One column. Two shapes:

• has_bedgraph_and_umicollapse_and_peka — all three resolved. (No matter which fallback layer found them; the layer is recorded in the per-artifact used_v17_*_fallback_for_* columns for diagnostics.)
• missing_<what>[_because_<why>] — at least one artifact missing. <what> is the missing artifacts joined by _and_. _because_<why> is appended only when a known systemic reason explains the absence:
  • _because_no_clipseq_execution — no v1.7 or v1.6 execution exists.
  • _because_clipseq_execution_has_no_sample_records — the execution exists but the per-sample data join is empty and no fallback rescued anything.
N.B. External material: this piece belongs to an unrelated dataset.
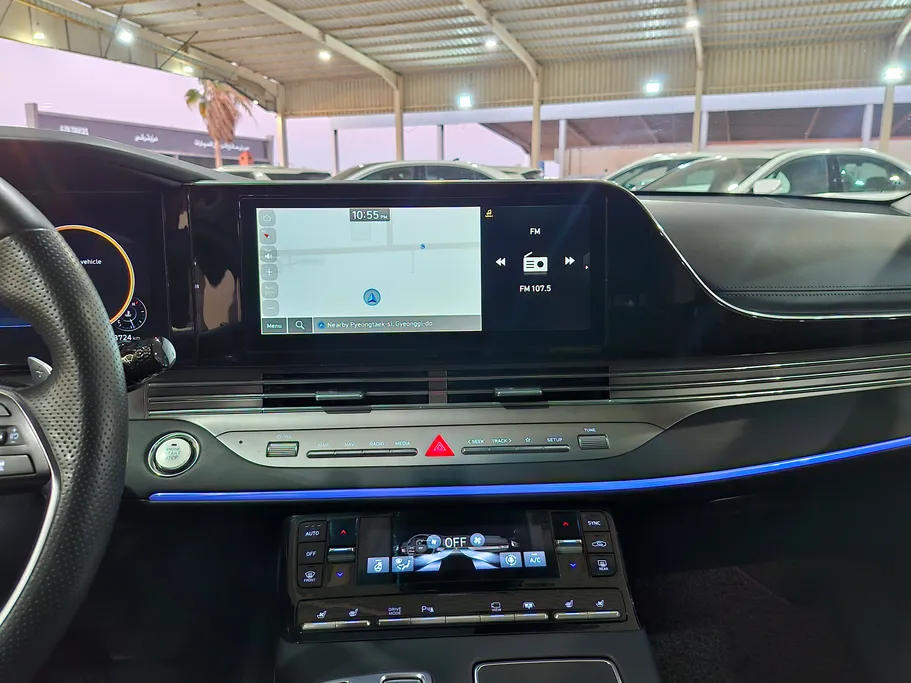 2023 Hyundai Grandeur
Examples seen in practice:

Status	Meaning
has_bedgraph_and_umicollapse_and_peka	ready for downstream analysis
missing_peka	PEKA didn't run / wasn't produced
missing_umicollapse	UMI log unavailable; bedgraph and PEKA present
missing_bedgraph_and_peka	only UMI was produced
missing_bedgraph_and_umicollapse_and_peka_because_no_clipseq_execution	sample has never run through CLIP-Seq
missing_bedgraph_and_umicollapse_and_peka_because_clipseq_execution_has_no_sample_records	execution exists but the data join is broken on the platform side

To check which fallback layer found a given artifact (when status is has_*), look at used_v17_retry_chain_for_<artifact>, used_v17_alt_ok_execution_for_<artifact>, used_v17_execution_filename_fallback_for_<artifact> (and the v16 equivalents). The actual pipeline version used per row is in pipeline_version_used.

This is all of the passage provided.